Domingo 3º de Cuaresma
Se presentaron algunos a contar a Jesús lo de los
galileos, cuya sangre vertió Pilato con la de los sacrificios que ofrecían.
Jesús les contestó: «¿Pensáis que esos galileos eran más pecadores que los
demás galileos, porque acabaron así? Os digo que no; y si no os convertís,
todos pereceréis lo mismo. Y aquellos dieciocho que murieron aplastados por la
torre de Siloé, ¿pensáis que eran más culpables que los demás habitantes de Jerusalén?
Os digo que no. Y si no os convertís, todos pereceréis de la misma manera».
Y les dijo esta parábola: «Uno tenía una higuera
plantada en su viña, y fue a buscar fruto en ella, y no lo encontró. Dijo
entonces al viñador: “Ya ves: tres años llevo viniendo a buscar fruto en esta
higuera, y no lo encuentro. Córtala. ¿Para qué va a ocupar terreno en balde?”.

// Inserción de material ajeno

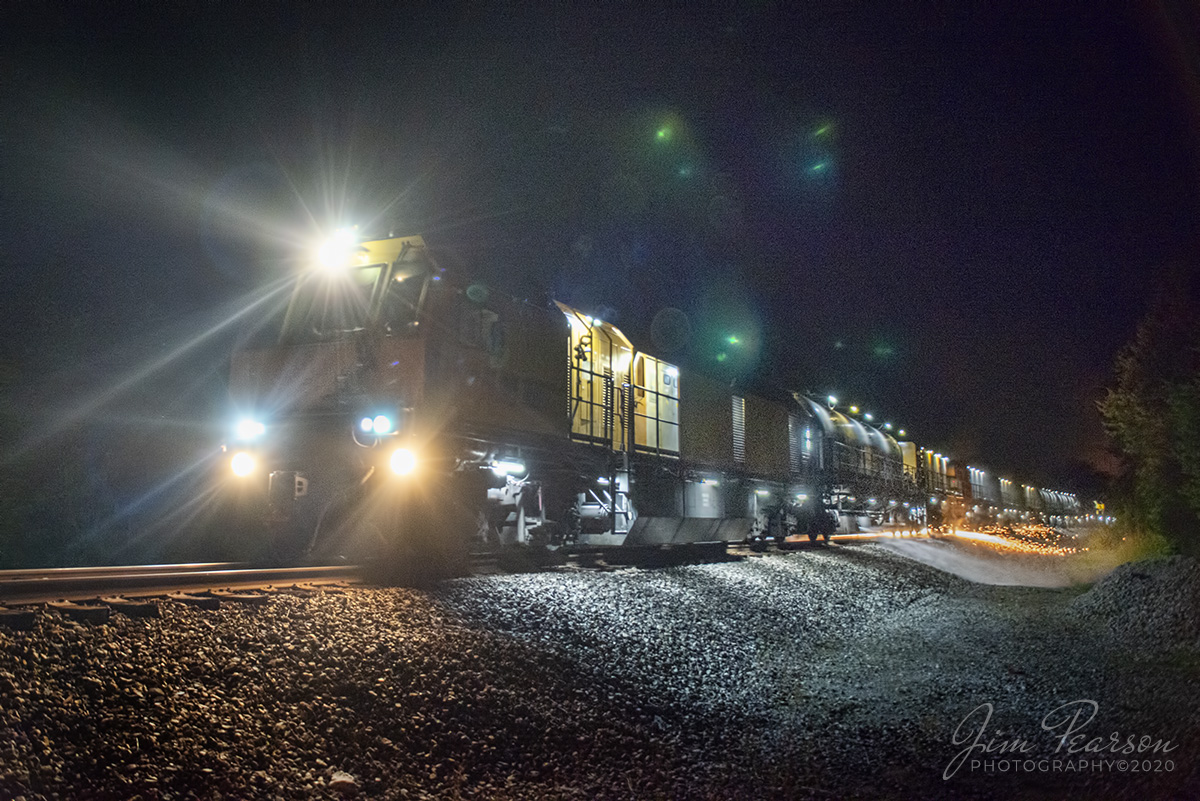 June 6, 2020 - A dazzeling lightshow breaks darkness of the night as the roar of LORAM Railgrinder 403 screaches it's way through a curve, just south of Crofton, Kentucky, as it grinds it's way south on the Henderson Subdivision on a hot and muggy spring night.

According to Wikipedia: A railgrinder (or rail grinder) is a maintenance of way vehicle or train used to restore the profile and remove irregularities from worn tracks to extend its life and to improve the ride of trains using the track.

Tech Info: Nikon D800, RAW, Sigma 24-70 @ 24mm, f/2.8. 1/125sec, ISO 2500.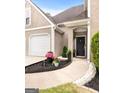 Inviting front entrance with meticulous landscaping and a well-maintained walkway at 150 Rockspray Rdg, Peachtree City, GA 30269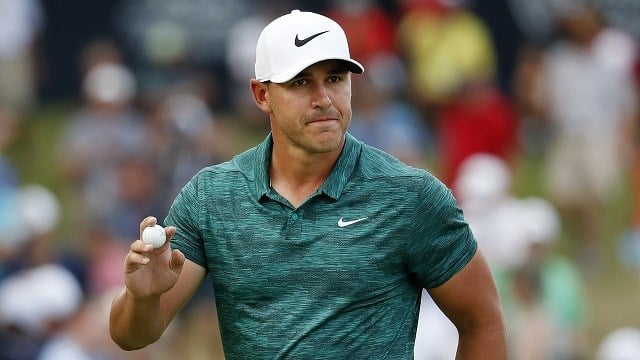 Koepka holds off Woods to win PGA Championship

Pero el viñador contestó: “Señor, déjala todavía este año; yo cavaré alrededor
y le echaré estiércol, a ver si da fruto. Si no, el año que viene la cortarás”».
Comentario: Cardenal
D. Jorge Mejía
Hoy,
tercer domingo de Cuaresma, la lectura evangélica contiene una llamada de Jesús
a la penitencia y a la conversión. O, más bien, una exigencia de cambiar de
vida.
“Convertirse”
significa, en el lenguaje del Evangelio, mudar de actitud interior, y también
de estilo externo. Es una de las palabras más usadas en el Evangelio.
Recordemos que, antes de la venida del Señor Jesús, San Juan Bautista resumía
su predicación con la misma expresión: «Predicaba un bautismo de conversión»

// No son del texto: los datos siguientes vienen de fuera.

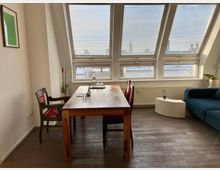 Bright attic-style living and dining area with slanted ceiling windows fitted with blinds, overlooking rooftops. A wooden dining table with chairs sits in the center, with a blue sofa and curved white side table beside a radiator and potted plants.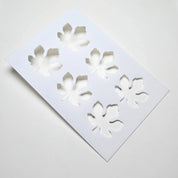 White plastic pastry stencil featuring six detailed fig leaf cutouts.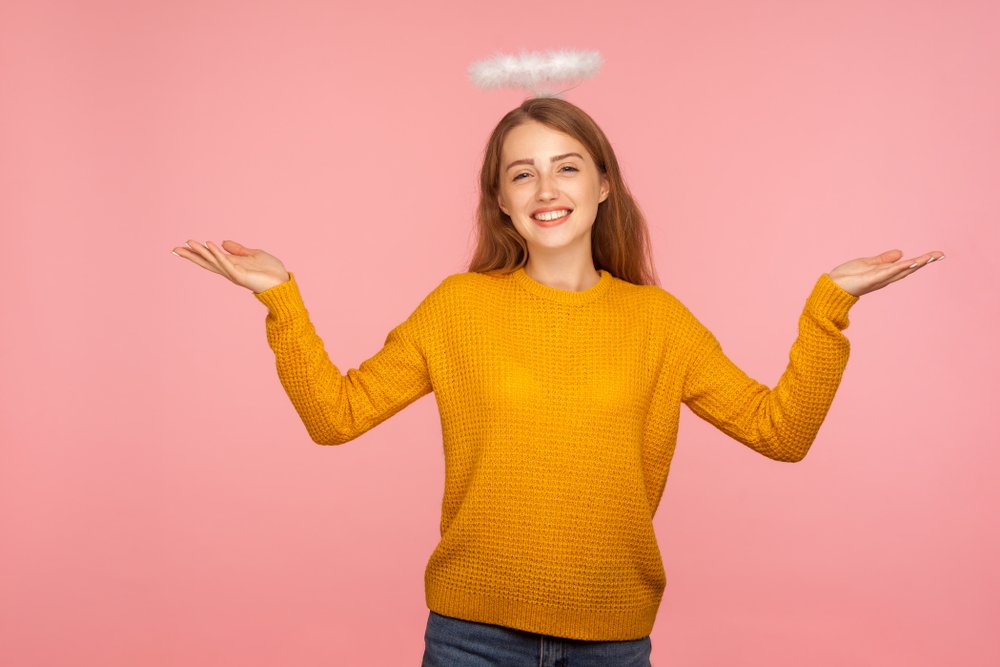 A woman with a halo over her head acting innocent.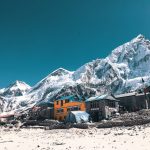 Orange and Gray Houses Near Snow Covered Mountain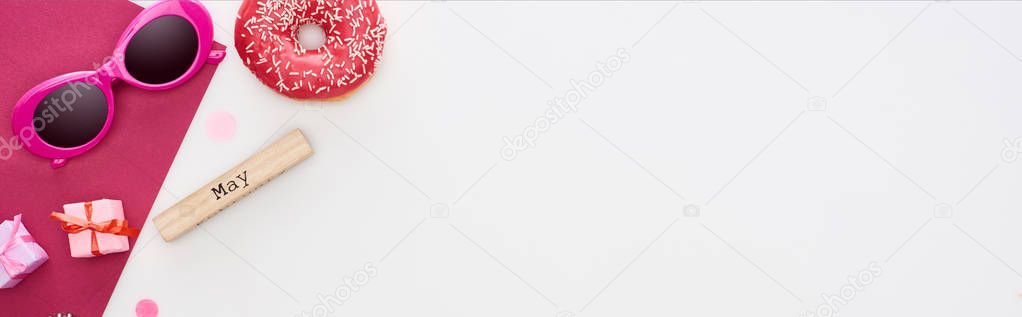 panoramic shot of wooden block with may inscription, donut, sunglasses, gift boxes, crimson paper isolated on white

(Mc 1,4). Y, enseguida, la predicación de Jesús se resume con estas palabras:
«Convertíos y creed en el Evangelio» (Mc 1,15).
Esta
lectura de hoy tiene, sin embargo, características propias, que piden atención
fiel y respuesta consecuente. Se puede decir que la primera parte, con ambas
referencias históricas (la sangre derramada por Pilato y la torre derrumbada),
contiene una amenaza. ¡Imposible llamarla de otro modo!: lamentamos las dos
desgracias —entonces sentidas y lloradas— pero Jesucristo, muy seriamente, nos
dice a todos: —Si no cambiáis de vida, «todos pereceréis del mismo modo» (Lc
13,5).
Esto
nos muestra dos cosas. Primero, la absoluta seriedad del compromiso cristiano.

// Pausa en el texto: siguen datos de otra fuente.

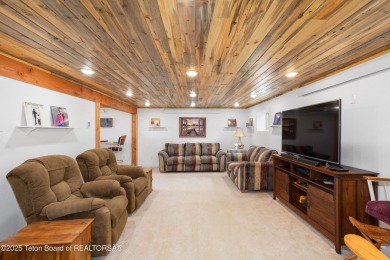 Experience luxury living in this beautiful home, perfectly on Cedar Creek Golf Course in Wyoming - for sale on GolfHomes.com, golf home, golf lot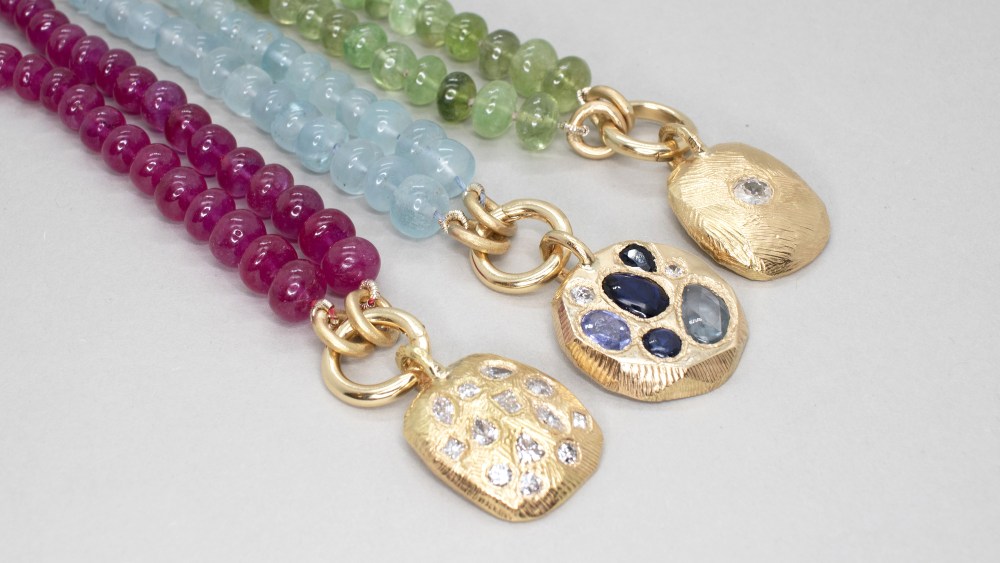 Page Sargisson's 18k gold one-of-a-kind necklaces, in mosaic diamonds, mosaic sapphires, and diamond solitaire.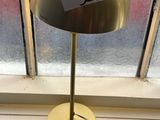 a lamp that is sitting on a window sill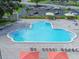 Aerial view of the community pool surrounded by lounge chairs and red umbrellas at 2468 Florentine Way # 26, Clearwater, FL 33763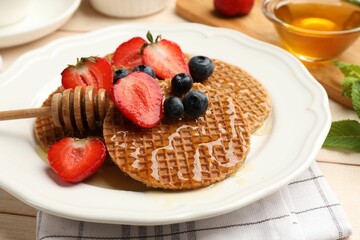 Tasty Dutch waffles (stroopwafels) with honey, strawberries and blueberries on light wooden table, closeup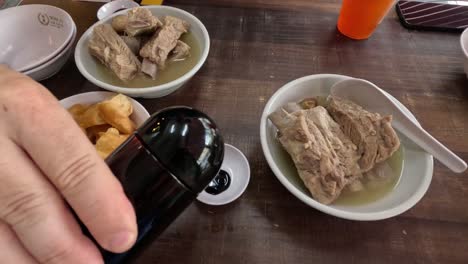 adding sauce to a traditional singaporean dish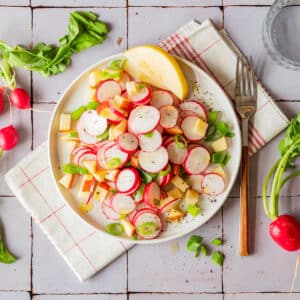 Radish Apple Salad with scallions on a white plate.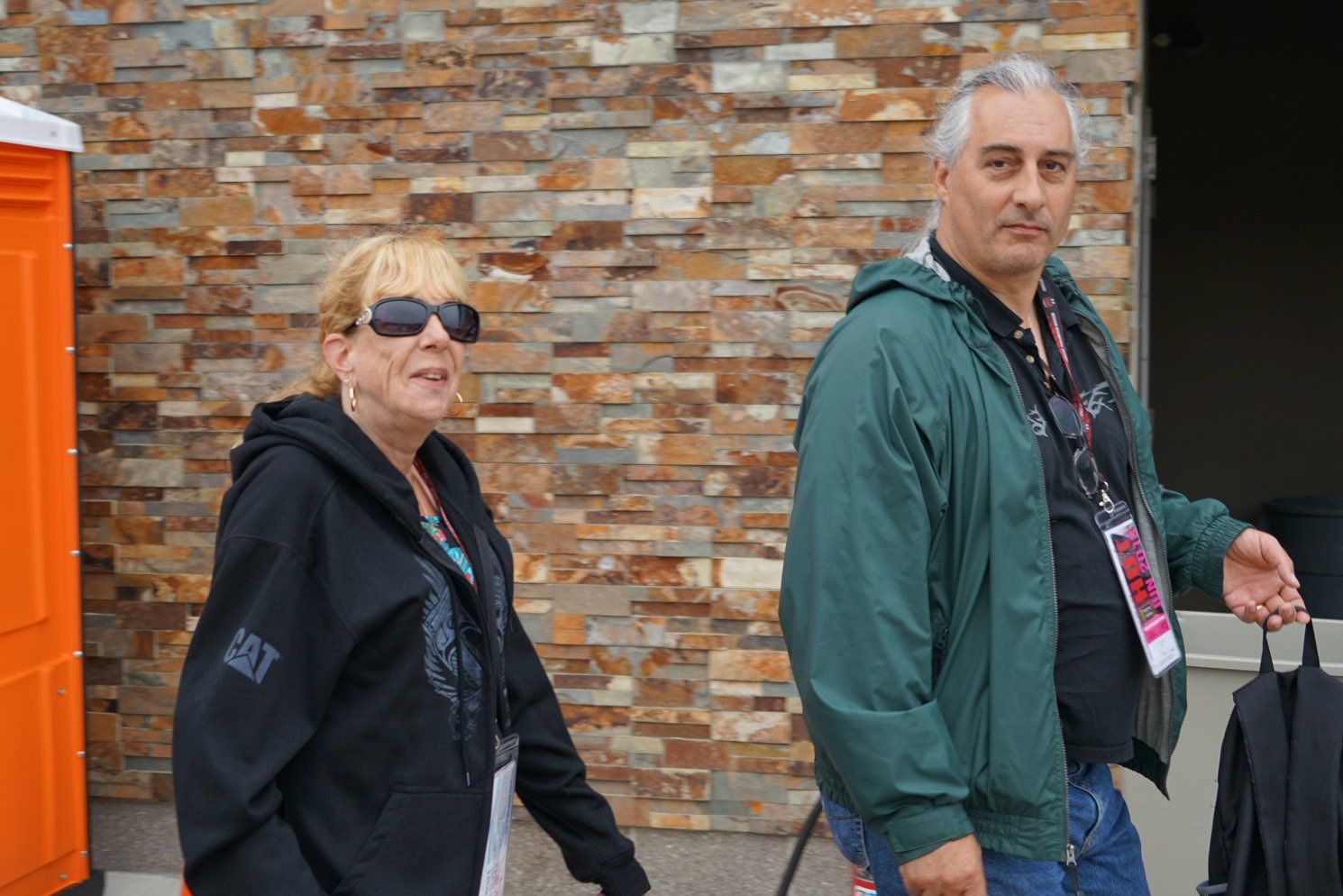 A man and a woman are standing next to each other in front of a brick wall.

Y, segundo: de no respetarlo como Dios quiere, la posibilidad de una muerte, no
en este mundo, sino mucho peor, en el otro: la eterna perdición. Las dos
muertes de nuestro texto no son más que figuras de otra muerte, sin comparación
con la primera.
Cada
uno sabrá cómo esta exigencia de cambio se le presenta. Ninguno queda excluido.
Si esto nos inquieta, la segunda parte nos consuela. El “viñador”, que es
Jesús, pide al dueño de la viña, su Padre, que espere un año todavía. Y
entretanto, él hará todo lo posible (y lo imposible, muriendo por nosotros)
para que la viña dé fruto. Es decir, ¡cambiemos de vida! Éste es el mensaje de
la Cuaresma. Tomémoslo entonces en serio. Los santos —san Ignacio, por ejemplo,
aunque tarde en su vida— por gracia de Dios cambian y nos animan a cambiar.